- _Working data_
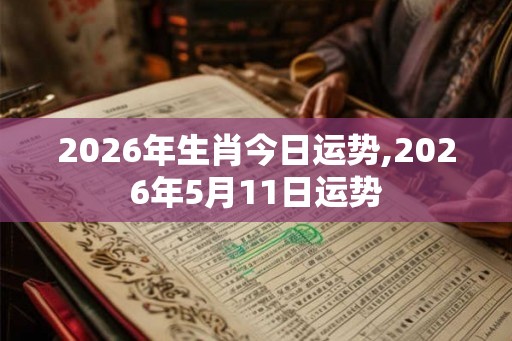 2026年生肖今日运势,2026年5月11日运势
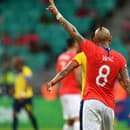 Čilský futbalista Arturo Vidal.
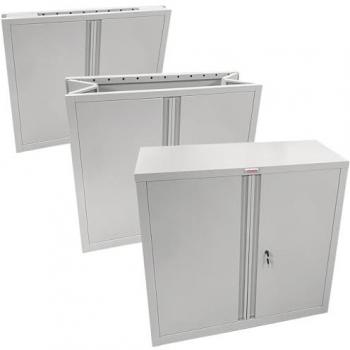 Stahlschrank mit 1 Fachboden und Schloss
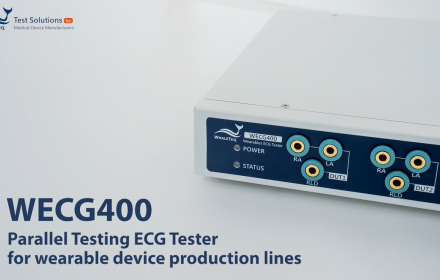 【WECG400 Parallel Testing ECG Tester for wearable device production lines】Introduction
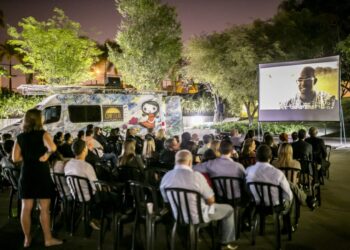 O projeto itinerante Cine Solar fará duas sessões em Hortolândia nesta semana. Foto: Divulgação
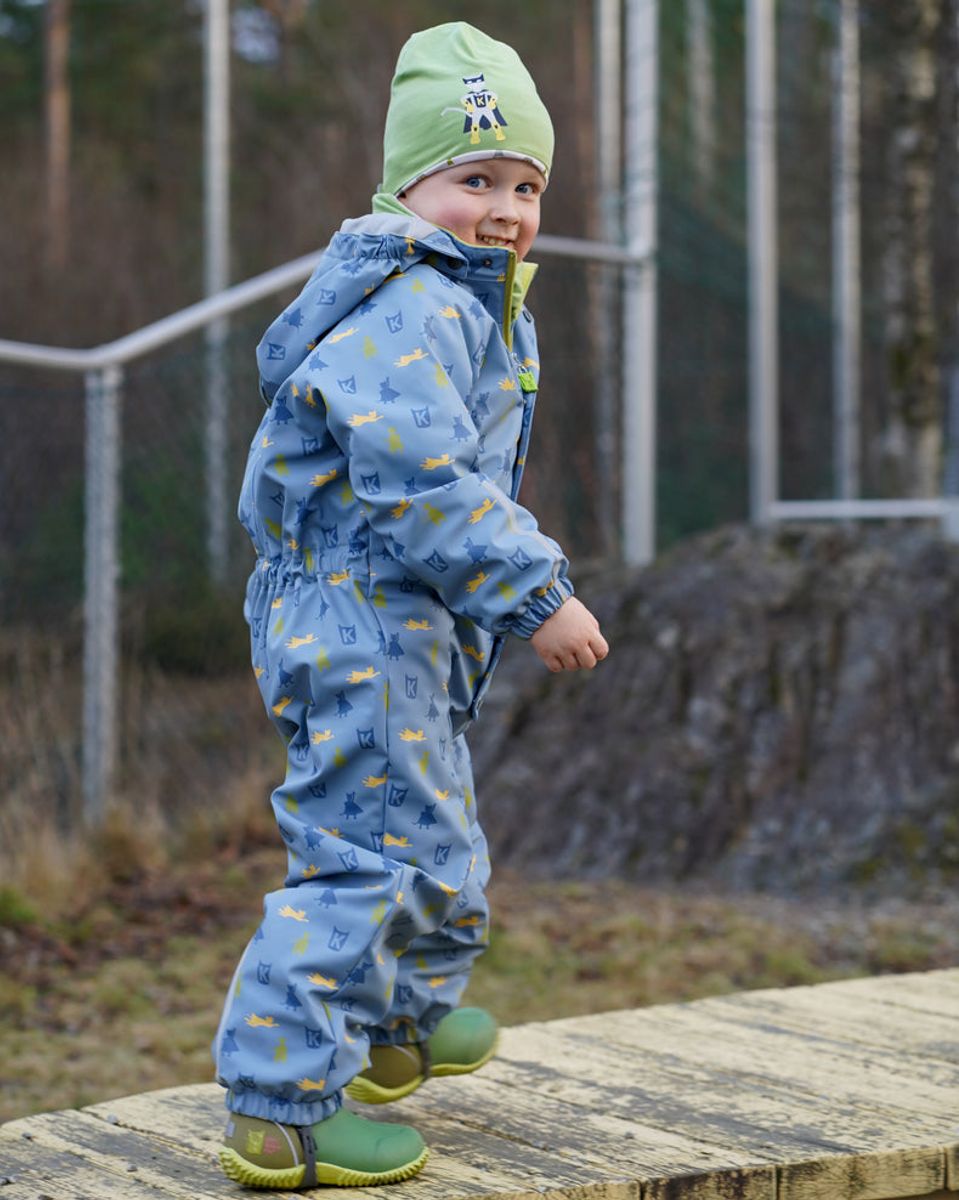 Kattnakken Helårsregndress Hagl Mjuk Blå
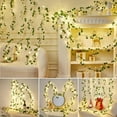 thumbnail image 3 of KAiSnova Thanksgiving Lights 10FT 30 LED Fall Lights 3D Pumpkin Maple Leaf Acorn Battery Operated String Lights Halloween Decorations Indoor Fall Decorations for Home Garland Party Autumn, 3 of 10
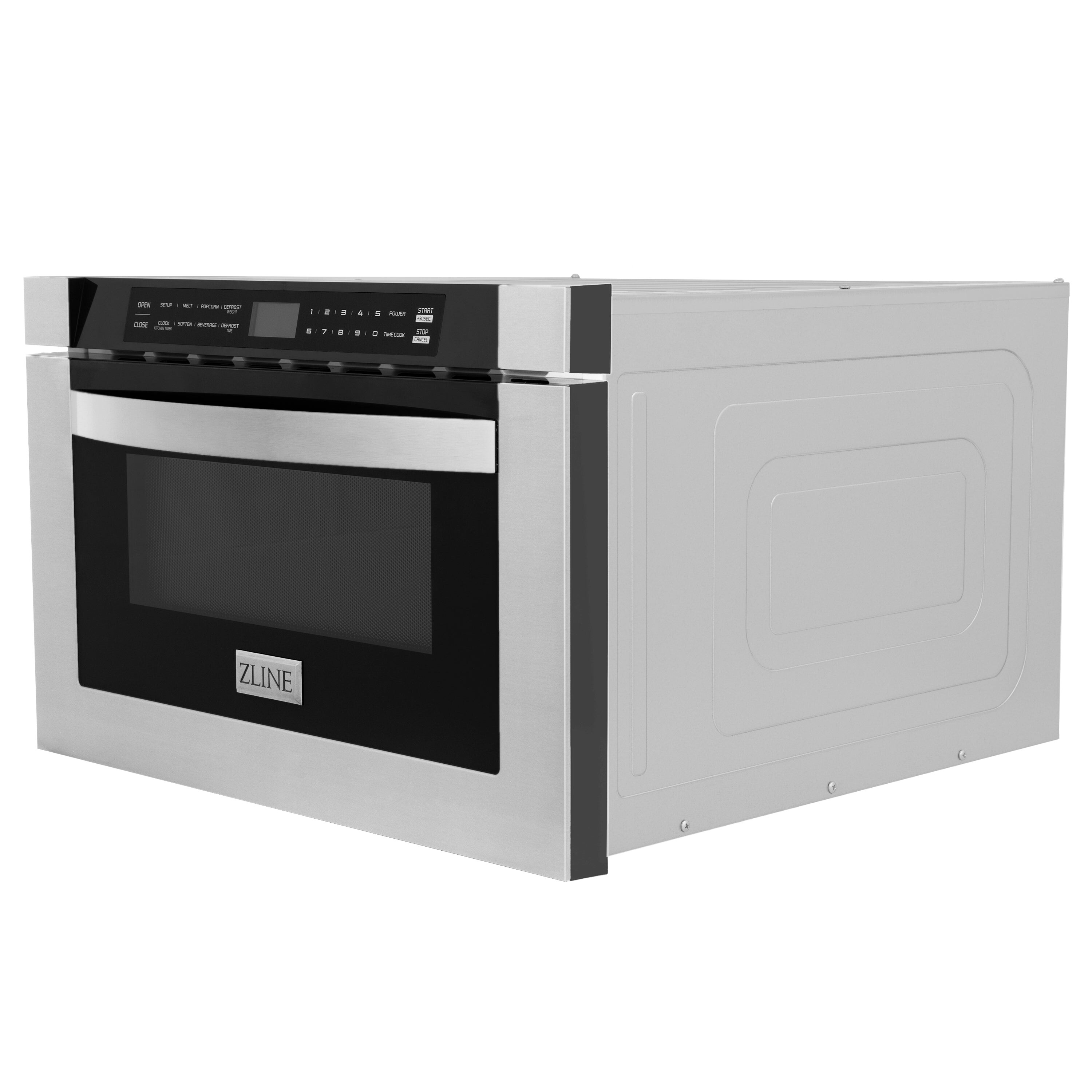 BUILT-IN 0.7 Cu. Ft. Deluxe Microwave Oven w/ Trim Kit - Stainless Steel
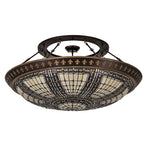 45"W Fleur-de-lis Flushmount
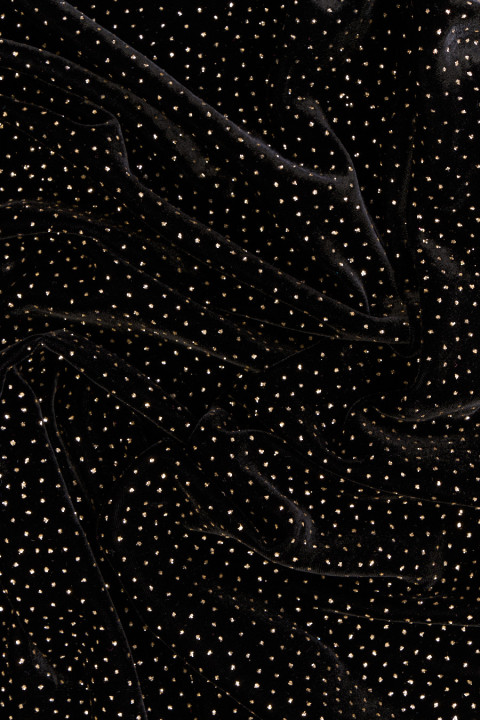 Exklusiver Velours mit Glitzer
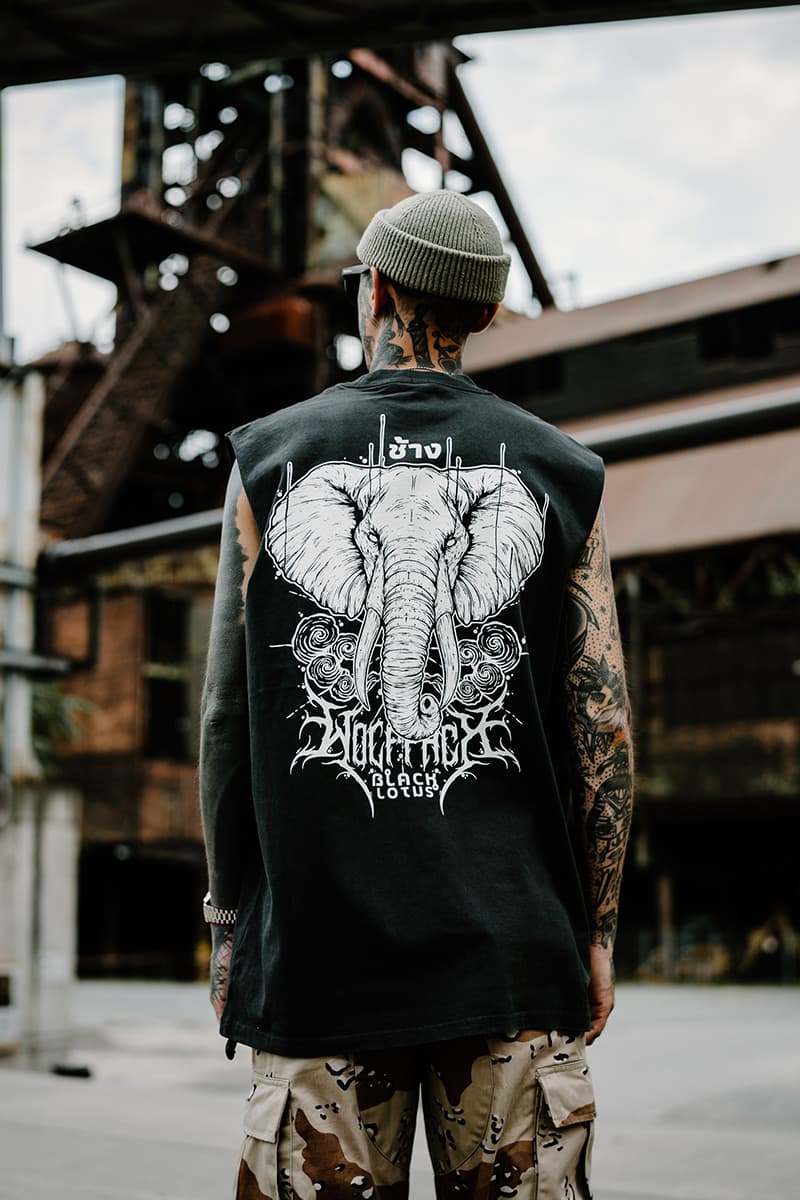 Black heavy tank top with ROYAL TUSKS HEAVY FADED TANK UNISEX print - Wolfpack Clothing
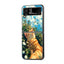 Garfield Sleeping Samsung Z Flip Glass Case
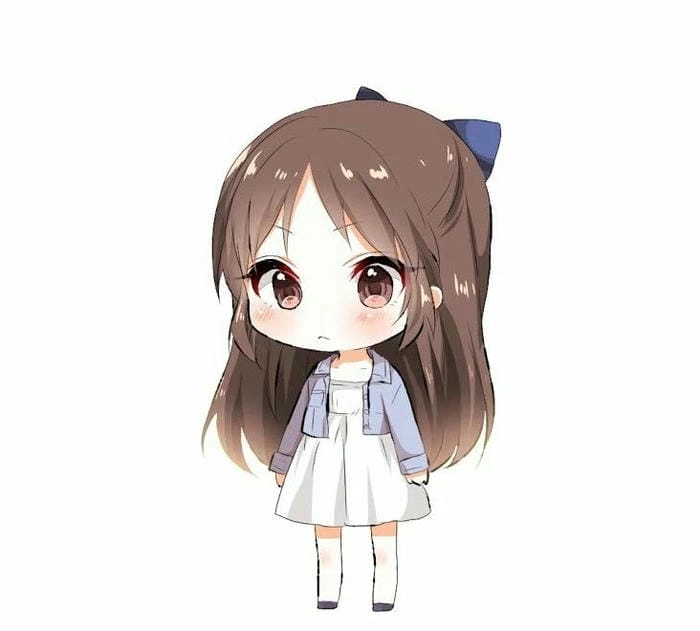 Tải ngay hình vẽ chibi nữ cute đơn giản đẹp và dễ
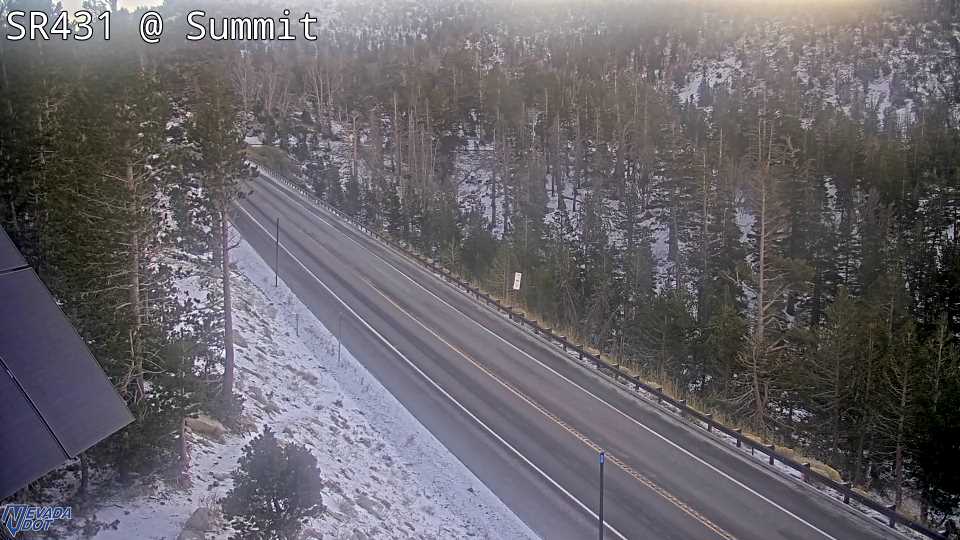 Mt Rose Summit, SR-431 at 08:00 on 2026-10-13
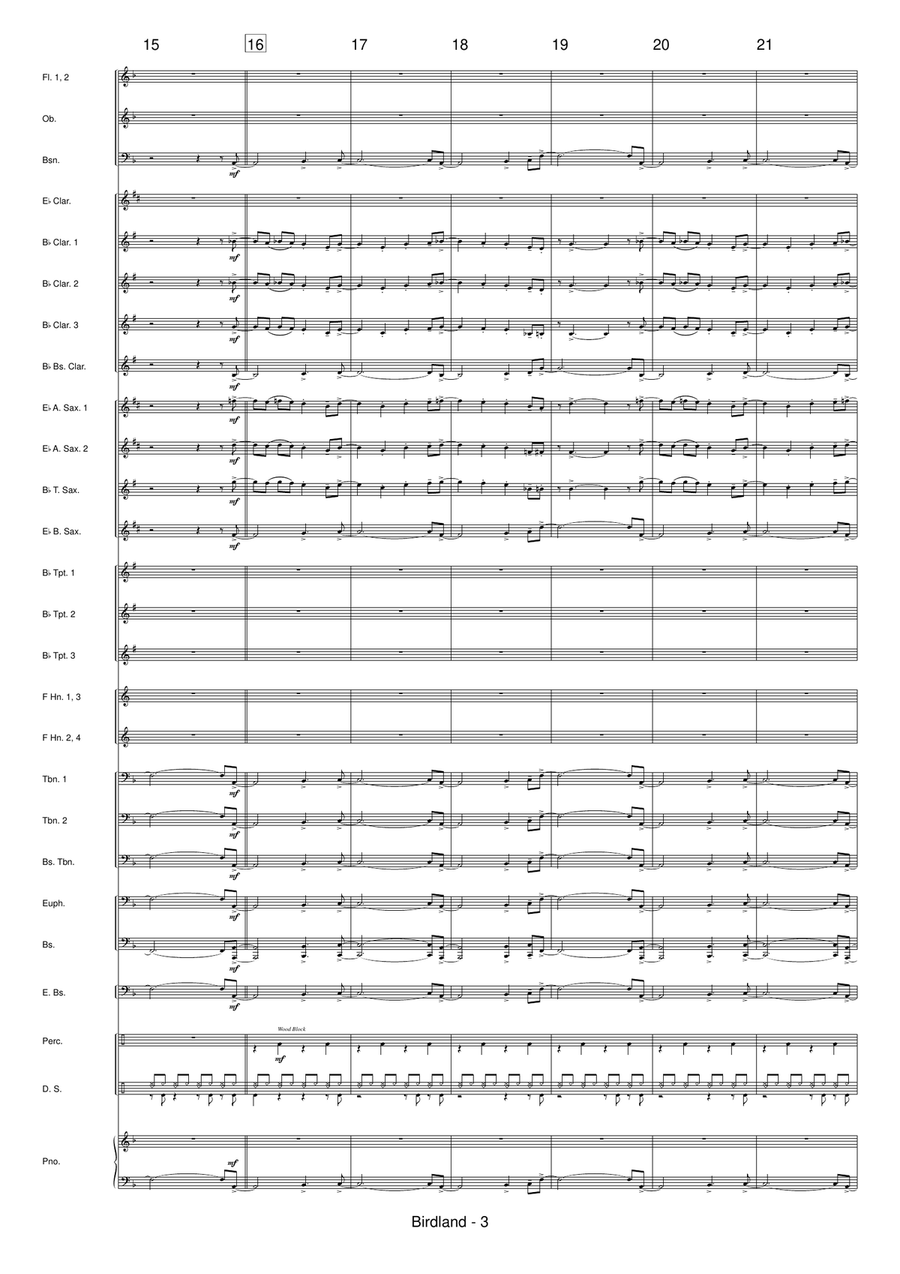 Birdland Concert Band scores gallery preview page 5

- _Task to carry out_
What is needed is a verbatim copy of the lines running from the one with "O projeto itinerante" through the last line of the listing above, excluding any pictures.

- _Output of the exercise_
 O projeto itinerante Cine Solar fará duas sessões em Hortolândia nesta semana. Foto: Divulgação
 Kattnakken Helårsregndress Hagl Mjuk Blå
 thumbnail image 3 of KAiSnova Thanksgiving Lights 10FT 30 LED Fall Lights 3D Pumpkin Maple Leaf Acorn Battery Operated String Lights Halloween Decorations Indoor Fall Decorations for Home Garland Party Autumn, 3 of 10
 BUILT-IN 0.7 Cu. Ft. Deluxe Microwave Oven w/ Trim Kit - Stainless Steel
 45"W Fleur-de-lis Flushmount
 Exklusiver Velours mit Glitzer
 Black heavy tank top with ROYAL TUSKS HEAVY FADED TANK UNISEX print - Wolfpack Clothing
 Garfield Sleeping Samsung Z Flip Glass Case
 Tải ngay hình vẽ chibi nữ cute đơn giản đẹp và dễ
 Mt Rose Summit, SR-431 at 08:00 on 2026-10-13
 Birdland Concert Band scores gallery preview page 5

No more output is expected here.